Task instructions => Print the listing from its top line through the line containing "envían fuertes mensajes", nothing more, and leave out the pictures.

Data extracts =>
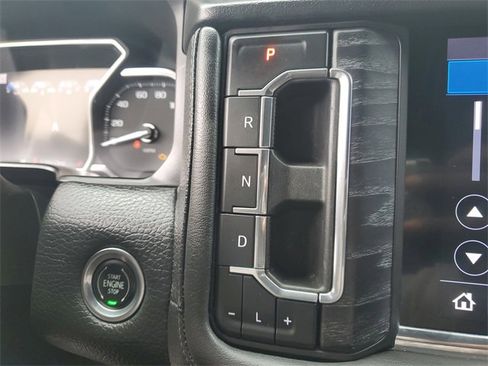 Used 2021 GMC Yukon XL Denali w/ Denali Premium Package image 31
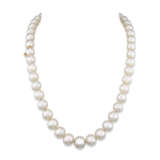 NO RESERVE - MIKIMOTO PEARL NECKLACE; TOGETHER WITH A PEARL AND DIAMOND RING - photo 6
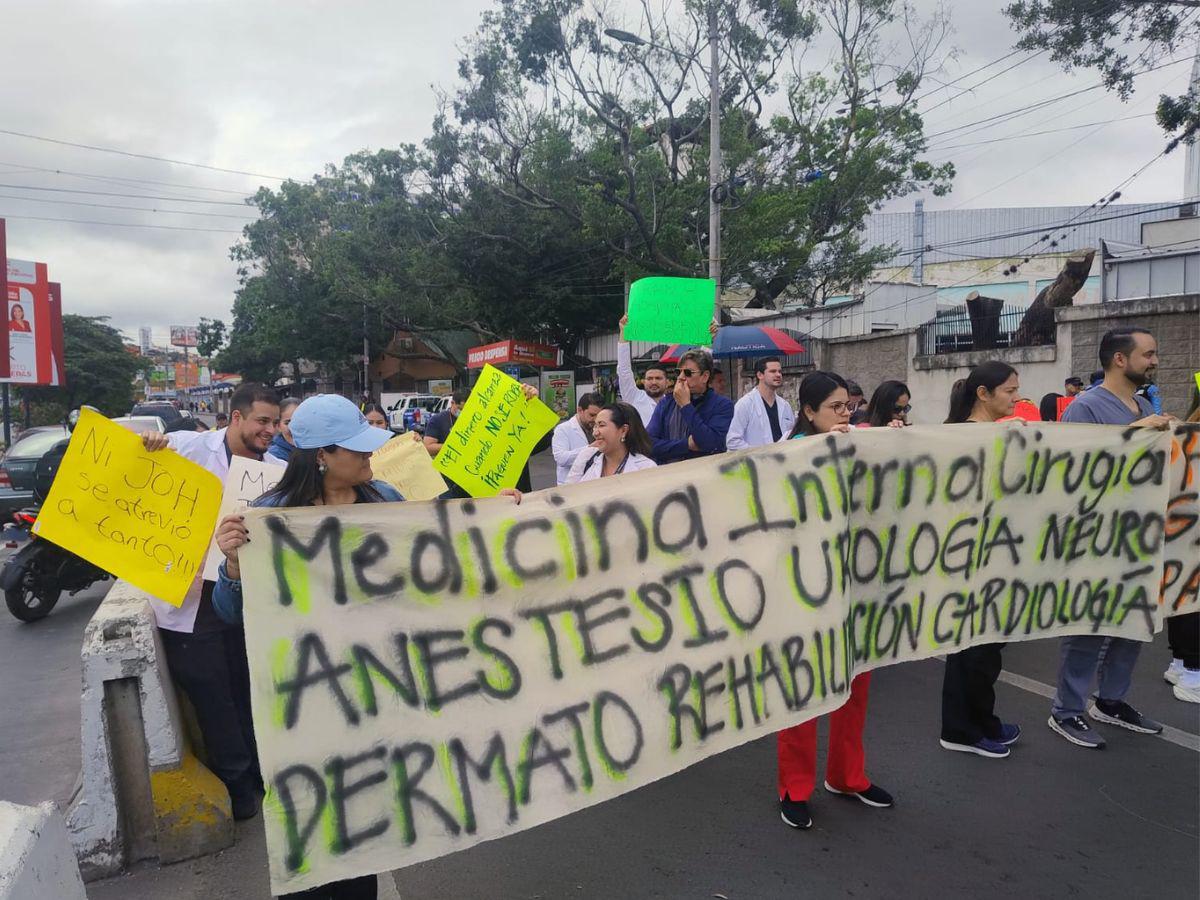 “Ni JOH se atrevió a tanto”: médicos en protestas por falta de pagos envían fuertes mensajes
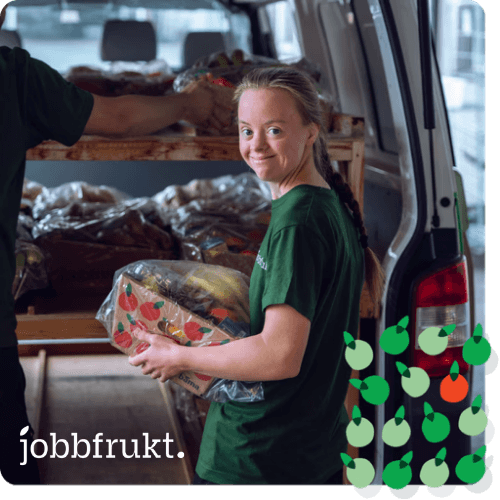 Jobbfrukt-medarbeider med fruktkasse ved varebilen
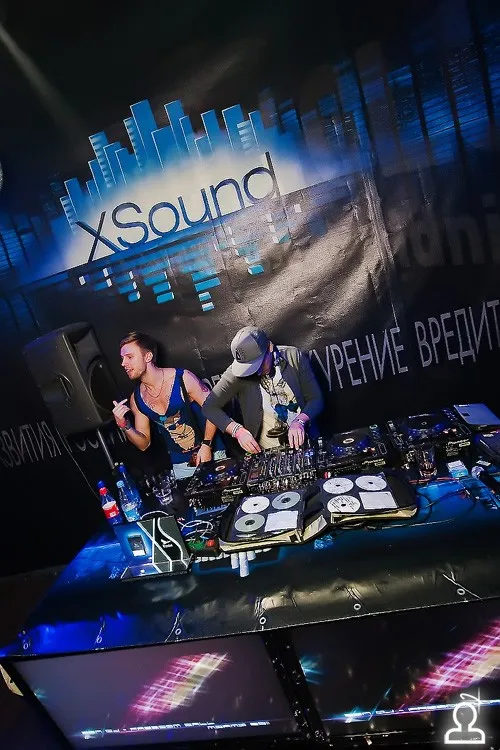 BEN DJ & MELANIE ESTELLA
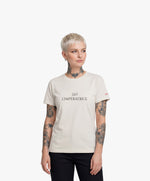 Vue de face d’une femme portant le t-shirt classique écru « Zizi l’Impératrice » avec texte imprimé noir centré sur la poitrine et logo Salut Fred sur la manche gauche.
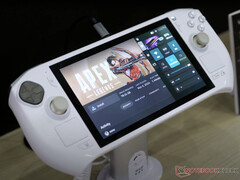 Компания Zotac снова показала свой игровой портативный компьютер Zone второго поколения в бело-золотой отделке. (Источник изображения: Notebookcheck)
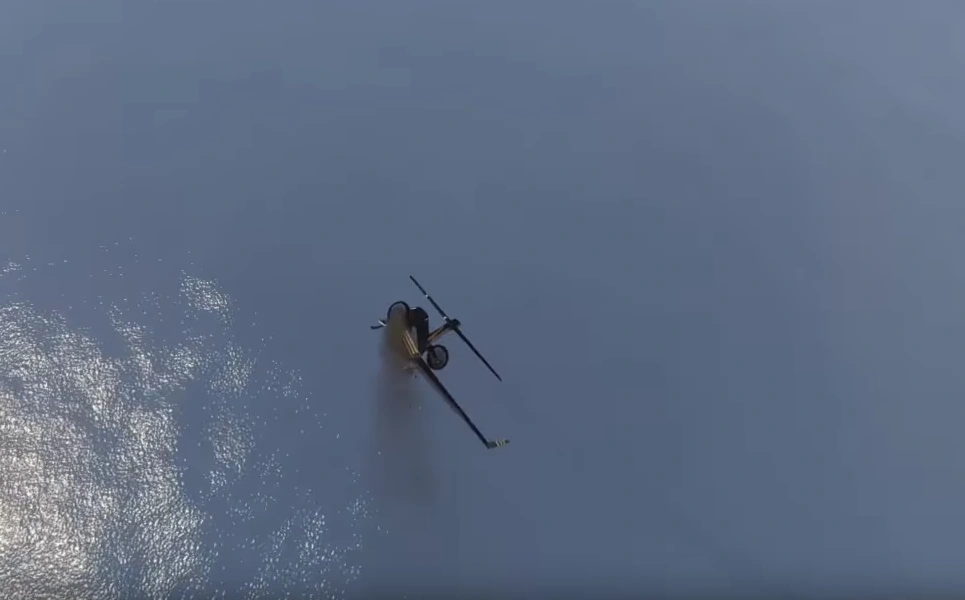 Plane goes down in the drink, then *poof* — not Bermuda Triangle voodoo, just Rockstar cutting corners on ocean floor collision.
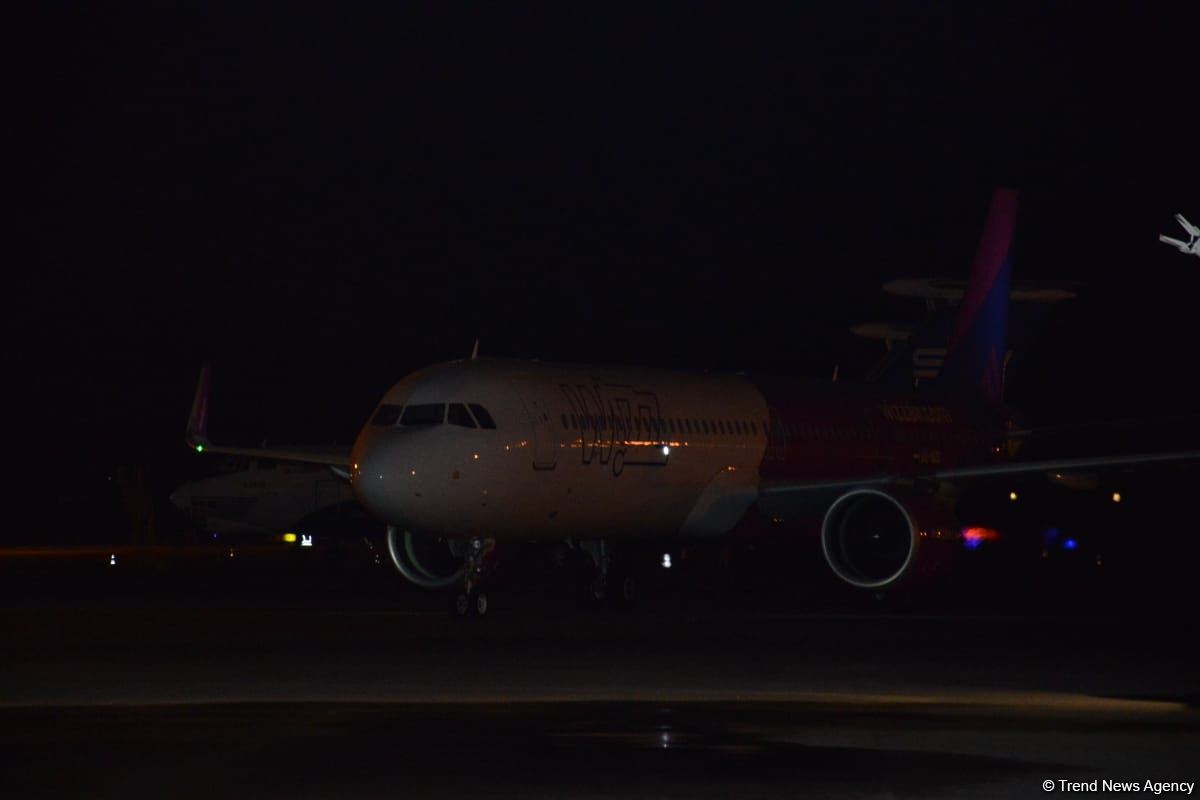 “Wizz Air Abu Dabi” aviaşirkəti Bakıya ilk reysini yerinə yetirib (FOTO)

Completed task =>
 Used 2021 GMC Yukon XL Denali w/ Denali Premium Package image 31
 NO RESERVE - MIKIMOTO PEARL NECKLACE; TOGETHER WITH A PEARL AND DIAMOND RING - photo 6
 “Ni JOH se atrevió a tanto”: médicos en protestas por falta de pagos envían fuertes mensajes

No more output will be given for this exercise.